Can an SPF grant loans?
Interest-bearing lending to third parties is out of scope. Any cash advances must remain compatible with the private-wealth purpose and be properly documented.
Does an SPF have access to tax treaties?
As a rule, no, given its specific tax regime.
Does an SPF register for VAT?
No, because it should refrain from taxable economic activity.
Which legal forms are typical for an SPF?
S.à r.l. and S.A., depending on governance preferences, capital, and transfer mechanics.
What is the minimum share capital?
It depends on the chosen form: €30,000 for an S.A. and €12,000 for an S.à r.l.
How is the subscription tax calculated in 2025?
At 0.25% of paid-up capital and share premium plus the portion of debt above eight times equity, with a €1,000 minimum and a €125,000 cap.
When and how is the subscription tax paid?
Quarterly through MyGuichet.lu, with the annual amount split into four instalments.
What annual certificate is required?
An electronic compliance certificate filed with the AED by 31 July each year.

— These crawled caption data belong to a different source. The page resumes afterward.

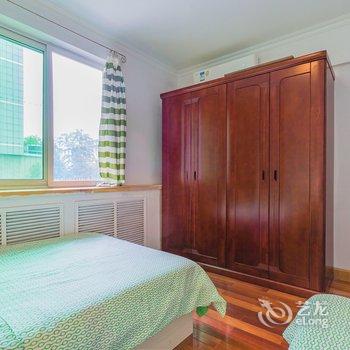 北京丫丫公寓(798路店)酒店提供图片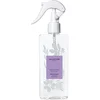 Image de Millefiori Laundry - Textielspray 200 ml - Viola Ametista - Textielverfrisser - Wasspray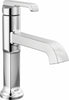 Lumicoat Chrome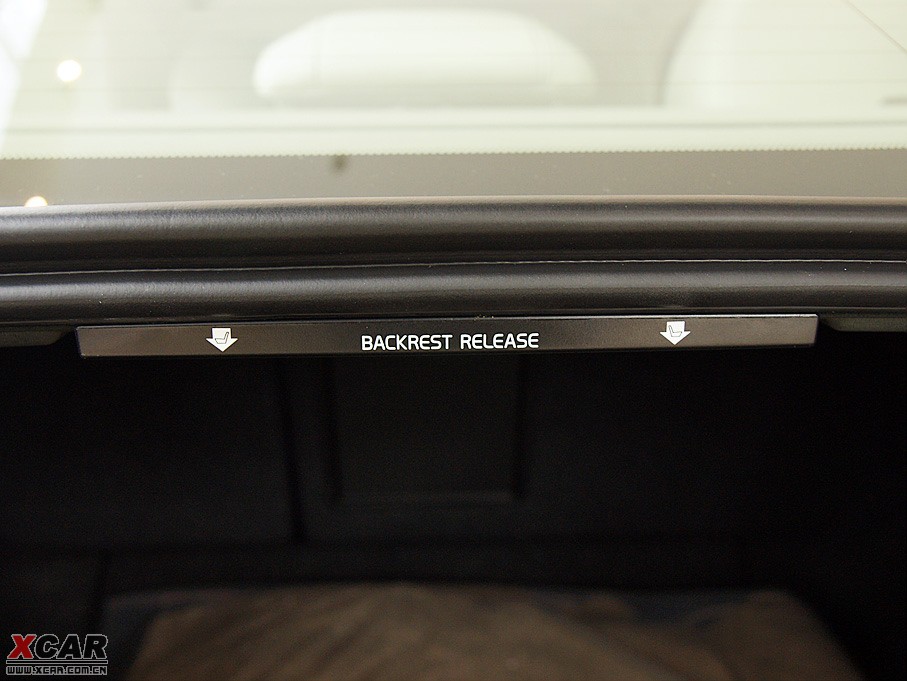 2009���֠���S80L T6 �����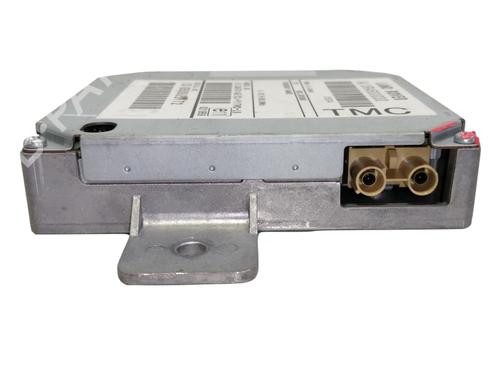 Electronic module LAND ROVER RANGE ROVER SPORT I (L320) 2.7 D 4x4 | BP10326385M83 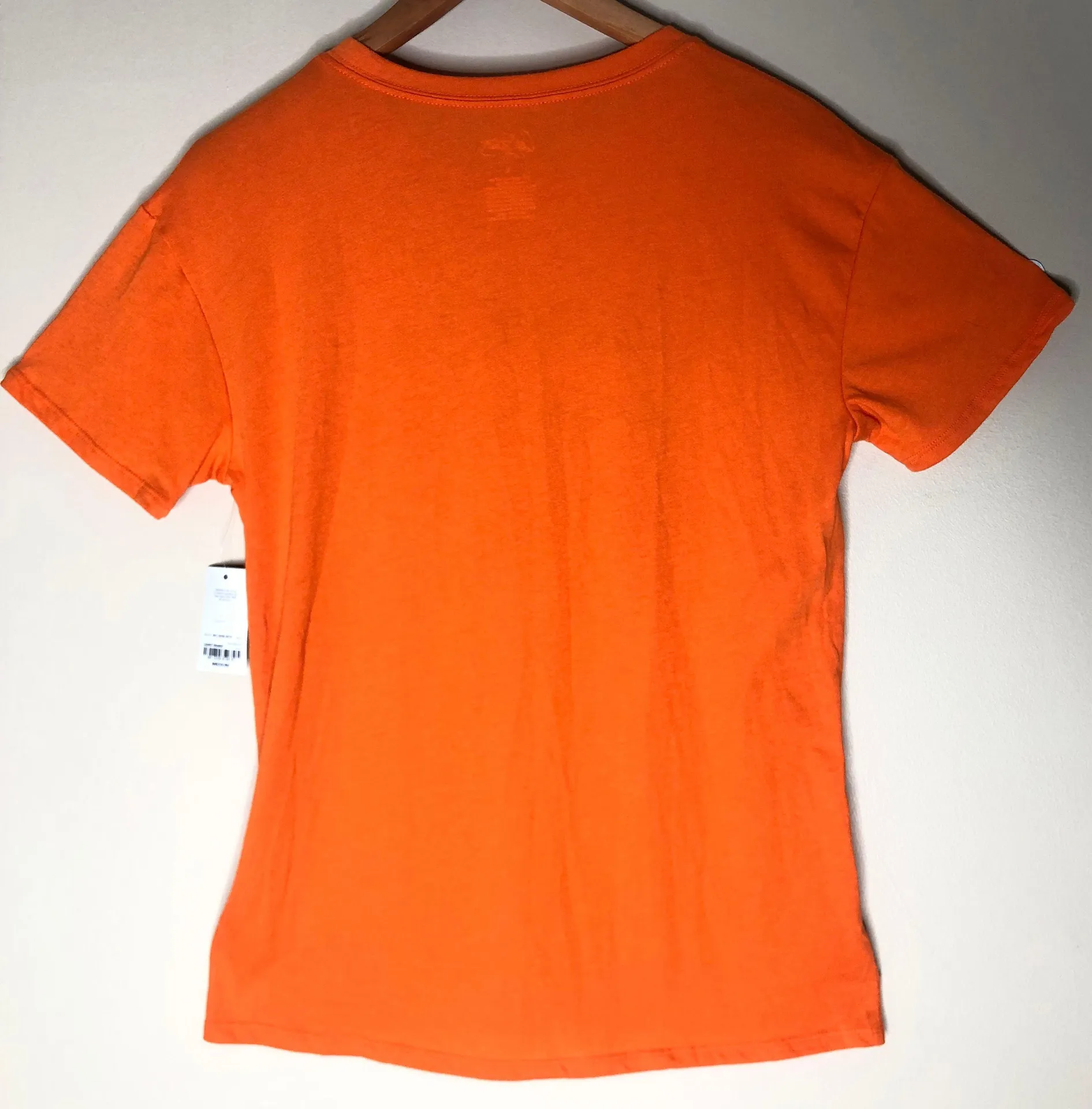 “Laziest Costume Ever Halloween” Shirt - Image 2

Can an SPF hold real estate?
No. Direct or transparent real-estate holding is outside the SPF perimeter.
Where should minutes and registers be kept?
In Luxembourg, orderly and accessible to evidence governance.
What naming rule applies?
The company name must include “SPF”. Administrative fines can apply if omitted.
When might another vehicle be more suitable?
When operating activity, fee-based services, or intragroup financing are planned. Damalion experts may advise you on a SOPARFI, SCSp, or RAIF according to your objectives.